On Thursday, Evercore ISI adjusted its outlook on ProLogis (NYSE: NYSE:PLD) shares, a global leader in logistics real estate, by reducing its price target on the company's stock. The new price target is now set at $123.00, down from the previous target of $136.00. Despite this change, the firm maintained its In Line rating for the stock.
The adjustment in the price target by Evercore ISI comes as a response to the current interest rate environment. The firm has increased its risk-free rate assumption within its Discounted Cash Flow (DCF) analysis from 4.0% to 4.35%. This change reflects the broader economic conditions affecting the cost of borrowing and investing.
In addition to the interest rate adjustment, Evercore ISI has also revised its valuation of ProLogis's core business. The firm now applies an Adjusted Funds From Operations (AFFO) multiple of 22 times, which is a decrease of one turn from its previous valuation method.
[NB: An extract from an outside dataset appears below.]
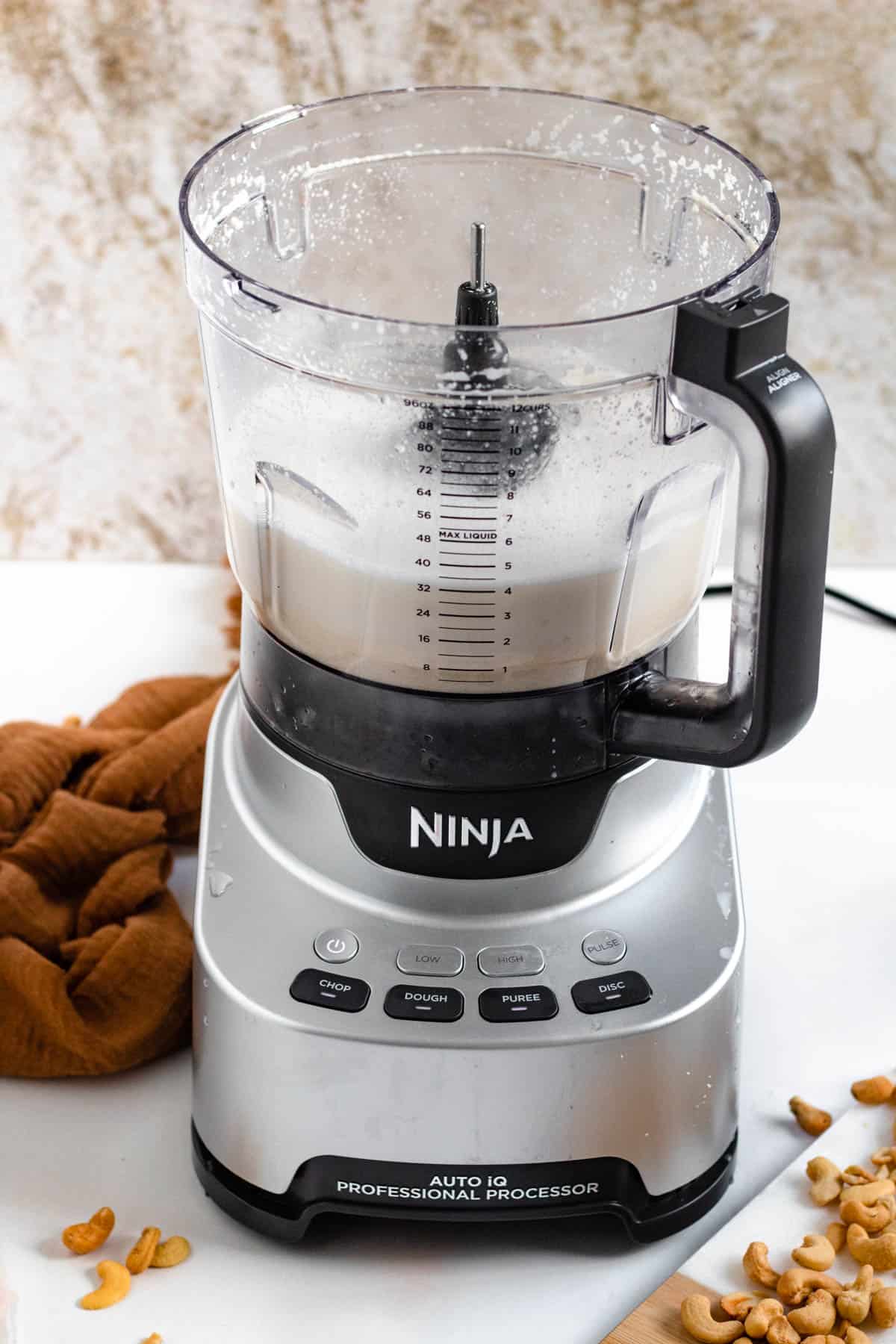 cashews, water, and maple syrup blended in food processor with a light colored background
This modification suggests a more conservative estimate of the company's future cash flows.
The applied capitalization rate within the Net Asset Value (NAV) framework used by Evercore ISI has also been increased by 20 basis points. This increase is due to the anticipated slower growth in Net Operating Income (NOI), which is a key metric in assessing the profitability of real estate investments.
The cumulative effect of these changes has led to the downward revision of ProLogis's price target. The analyst from Evercore ISI stated, "Given where interest rates are today, we raised our risk-free rate assumption within our DCF from 4.0% to 4.35% and lowered our AFFO multiple for the core business by 1 turn to 22x.
Additionally, we also raised our applied cap rate within our NAV framework by 20bp due to the slower NOI growth. As a result, our PT falls from $136 to $123." This statement summarizes the rationale behind the adjustments made in the firm's financial model for ProLogis.